Undefined variable: con in /dashboard/index.php on line 101

Question

I am trying to show in a while loop the status (Active or Suspended) of a list of users.

0 = Active 1 = Suspended

<?php 
    $result = mysqli_query($con,"SELECT status FROM `e_customer`");
        while($row = mysqli_fetch_array($result)) {
        if ($row['status'] == "1") {
         echo "Suspended";
        } else {
          echo "Active";
        }
    } 
    ?>

The above gives me:

Notice: Undefined variable: con in /dashboard/index.php on line 101

Warning: mysqli_query() expects parameter 1 to be mysqli, null given in /dashboard/index.php on line 101

Warning: mysqli_fetch_assoc() expects parameter 1 to be mysqli_result, null given in /dashboard/index.php on line 102

[Little Bobby](http://bobby-tables.com/) says ***[your script is at risk for SQL Injection Attacks.](http://stackoverflow.com/questions/60174/how-can-i-prevent-sql-injection-in-php)*** Learn about [prepared](http://en.wikipedia.org/wiki/Prepared_statement) statements for [MySQLi](http://php.net/manual/en/mysqli.quickstart.prepared-statements.php). Even [escaping the string](http://stackoverflow.com/questions/5741187/sql-injection-that-gets-around-mysql-real-escape-string) is not safe! — Jay Blanchard, Jul 24 '17 at 21:22
check for errors, am pretty sure you'll find the problem. I have my own thought. — Funk Forty Niner, Jul 24 '17 at 21:22
use `mysqli_error($con)` on the query; tell us what you see. Undefined index maybe? — Funk Forty Niner, Jul 24 '17 at 21:24
The PHP is valid code (not the best way of doing it but should work) The problem might be the query. 2 things possible. There's a typo in col name of the query, if thats the case, or die(mysql_error() will show it to you. 2 the query returns nothing because $username is not properly set. Try a var_dump() before the query. — Patrick Simard, Jul 24 '17 at 21:26
*"There's a typo in col name of the query"* - @PatrickSimard That's what I have my money on, but the OP seems to want to remain silent or has left the question or doesn't know what to do about what I wrote. — Funk Forty Niner, Jul 24 '17 at 21:29
You realize that `Status` and `status` are two different animals. Which one is the right one? *What say ye?* — Funk Forty Niner, Jul 24 '17 at 21:30
OP's AWOL or *"the silent type"*. Sorry, no magic wand for you today. — Funk Forty Niner, Jul 24 '17 at 21:35
@Fred Seems like OP is only interested in answers, not comments. — Qirel, Jul 24 '17 at 21:46
@Qirel My sentiments exactly. and that's what they get for not listening to any of us. — Funk Forty Niner, Jul 24 '17 at 21:47
@Fred-ii- i know Status & status are 2 different thing. row name is "status" it was a typo above. i am not able to comment on all query here because by default stackoverflow give around 20 comment facility. if i run our of it i can't give any answer to anyone. — Ankit Sinha, Jul 24 '17 at 21:55
@AnkitSinha You can edit your question and include the information that is asked in the comments. — Paul Spiegel, Jul 24 '17 at 22:08
https://stackoverflow.com/questions/22662488/how-to-get-mysqli-error-in-different-environments — Paul Spiegel, Jul 24 '17 at 22:32

ficuscr · Answer 1 · 2017-07-24T21:55:44.973

2

Be sure to answer the questions in the comments. Lot of smart people trying to help you.
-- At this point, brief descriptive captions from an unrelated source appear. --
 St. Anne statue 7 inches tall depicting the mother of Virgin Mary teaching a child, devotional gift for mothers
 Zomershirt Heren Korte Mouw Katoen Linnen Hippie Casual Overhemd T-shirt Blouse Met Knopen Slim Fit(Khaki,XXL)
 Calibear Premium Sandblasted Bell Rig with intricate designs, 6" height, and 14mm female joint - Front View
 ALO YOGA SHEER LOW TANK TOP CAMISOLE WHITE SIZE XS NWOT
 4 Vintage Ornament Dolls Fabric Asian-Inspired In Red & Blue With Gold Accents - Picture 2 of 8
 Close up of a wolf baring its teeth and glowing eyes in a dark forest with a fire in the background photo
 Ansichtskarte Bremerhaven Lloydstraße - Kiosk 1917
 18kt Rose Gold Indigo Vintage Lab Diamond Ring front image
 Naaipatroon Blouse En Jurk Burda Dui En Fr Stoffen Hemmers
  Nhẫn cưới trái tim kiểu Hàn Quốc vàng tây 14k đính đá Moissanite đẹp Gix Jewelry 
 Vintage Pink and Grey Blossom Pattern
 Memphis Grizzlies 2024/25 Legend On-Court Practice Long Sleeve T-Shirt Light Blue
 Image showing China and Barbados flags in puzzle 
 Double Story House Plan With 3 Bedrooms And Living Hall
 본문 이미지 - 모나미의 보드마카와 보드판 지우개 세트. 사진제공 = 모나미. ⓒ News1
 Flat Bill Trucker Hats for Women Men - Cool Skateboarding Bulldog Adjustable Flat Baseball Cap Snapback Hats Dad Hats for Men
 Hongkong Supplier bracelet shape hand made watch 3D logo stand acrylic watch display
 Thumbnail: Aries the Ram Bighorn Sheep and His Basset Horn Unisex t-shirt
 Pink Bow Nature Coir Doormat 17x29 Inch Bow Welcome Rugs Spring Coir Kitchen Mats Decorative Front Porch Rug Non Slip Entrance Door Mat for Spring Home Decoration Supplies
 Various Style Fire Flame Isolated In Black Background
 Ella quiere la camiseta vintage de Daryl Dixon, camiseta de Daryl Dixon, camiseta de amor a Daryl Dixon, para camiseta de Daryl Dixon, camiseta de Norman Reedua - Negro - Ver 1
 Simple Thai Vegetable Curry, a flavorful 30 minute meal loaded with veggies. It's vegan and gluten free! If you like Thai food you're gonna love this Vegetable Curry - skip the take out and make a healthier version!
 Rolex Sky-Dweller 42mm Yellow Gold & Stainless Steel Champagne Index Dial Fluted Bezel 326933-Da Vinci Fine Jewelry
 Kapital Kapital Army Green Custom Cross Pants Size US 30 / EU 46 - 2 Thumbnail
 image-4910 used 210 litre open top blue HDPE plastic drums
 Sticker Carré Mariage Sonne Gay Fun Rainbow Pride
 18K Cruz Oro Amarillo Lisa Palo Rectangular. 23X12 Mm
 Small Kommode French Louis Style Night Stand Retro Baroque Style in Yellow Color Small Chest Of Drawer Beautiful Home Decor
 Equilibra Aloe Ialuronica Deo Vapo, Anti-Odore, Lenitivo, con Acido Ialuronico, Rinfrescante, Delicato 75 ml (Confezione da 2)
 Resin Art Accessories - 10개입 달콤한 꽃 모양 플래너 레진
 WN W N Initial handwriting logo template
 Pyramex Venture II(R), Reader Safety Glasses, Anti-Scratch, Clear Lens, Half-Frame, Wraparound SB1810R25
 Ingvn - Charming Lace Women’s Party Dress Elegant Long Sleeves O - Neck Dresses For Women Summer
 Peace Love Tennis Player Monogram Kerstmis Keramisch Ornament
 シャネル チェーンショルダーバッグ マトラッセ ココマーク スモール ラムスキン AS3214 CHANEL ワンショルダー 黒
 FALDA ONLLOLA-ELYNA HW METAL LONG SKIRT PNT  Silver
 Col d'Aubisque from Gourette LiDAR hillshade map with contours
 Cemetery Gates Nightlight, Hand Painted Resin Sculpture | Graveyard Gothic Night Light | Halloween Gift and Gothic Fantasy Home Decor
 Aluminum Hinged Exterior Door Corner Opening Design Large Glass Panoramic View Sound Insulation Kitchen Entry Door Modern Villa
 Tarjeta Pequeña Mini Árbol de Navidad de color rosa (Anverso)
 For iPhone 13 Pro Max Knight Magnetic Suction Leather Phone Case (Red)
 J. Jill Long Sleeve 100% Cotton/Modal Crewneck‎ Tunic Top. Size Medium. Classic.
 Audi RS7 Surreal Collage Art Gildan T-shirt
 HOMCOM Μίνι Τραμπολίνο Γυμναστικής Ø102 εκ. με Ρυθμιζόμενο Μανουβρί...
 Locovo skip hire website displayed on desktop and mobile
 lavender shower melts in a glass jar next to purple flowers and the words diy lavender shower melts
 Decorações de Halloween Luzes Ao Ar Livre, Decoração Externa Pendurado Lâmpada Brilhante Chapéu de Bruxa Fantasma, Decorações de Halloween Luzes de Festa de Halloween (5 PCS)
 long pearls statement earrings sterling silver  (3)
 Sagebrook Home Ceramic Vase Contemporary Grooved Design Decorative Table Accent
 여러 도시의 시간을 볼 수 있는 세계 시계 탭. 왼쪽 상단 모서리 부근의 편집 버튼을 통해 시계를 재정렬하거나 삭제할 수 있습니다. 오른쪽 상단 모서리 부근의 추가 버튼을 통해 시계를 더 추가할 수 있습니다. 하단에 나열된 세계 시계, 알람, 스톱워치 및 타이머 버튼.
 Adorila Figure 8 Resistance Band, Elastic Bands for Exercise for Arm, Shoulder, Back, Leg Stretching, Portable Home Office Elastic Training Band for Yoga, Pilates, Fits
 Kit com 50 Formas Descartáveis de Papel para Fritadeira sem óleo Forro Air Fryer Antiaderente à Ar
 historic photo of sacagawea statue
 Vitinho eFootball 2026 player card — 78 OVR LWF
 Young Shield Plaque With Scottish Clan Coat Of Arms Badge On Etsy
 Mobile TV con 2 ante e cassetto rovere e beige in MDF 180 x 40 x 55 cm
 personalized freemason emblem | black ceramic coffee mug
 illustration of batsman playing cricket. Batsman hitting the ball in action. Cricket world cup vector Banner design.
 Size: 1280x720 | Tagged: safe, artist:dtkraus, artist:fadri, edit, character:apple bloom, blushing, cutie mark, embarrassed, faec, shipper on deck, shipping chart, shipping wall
I don't use mysqli. If I did I might try something like this...

<?php
if ($stmt = mysqli_prepare($con, "SELECT status FROM e_customer WHERE account = ?")) {

    /* bind parameters for markers */
    mysqli_stmt_bind_param($stmt, "s", $username);

    mysqli_stmt_execute($stmt);

    /* bind result variables */
    mysqli_stmt_bind_result($stmt, $status);

    mysqli_stmt_fetch($stmt);

    //is 0 really active and 1 suspended because than seems pretty backwards?
    if (!$status) { //per your comment then `!$status`. cringing...
        echo 'Active';
    } else {
        echo 'Suspended';
    }

    mysqli_stmt_close($stmt);
}

When expecting one row there is no need to loop. Not sure where username comes from - try and used parametrized (see PDO) statements.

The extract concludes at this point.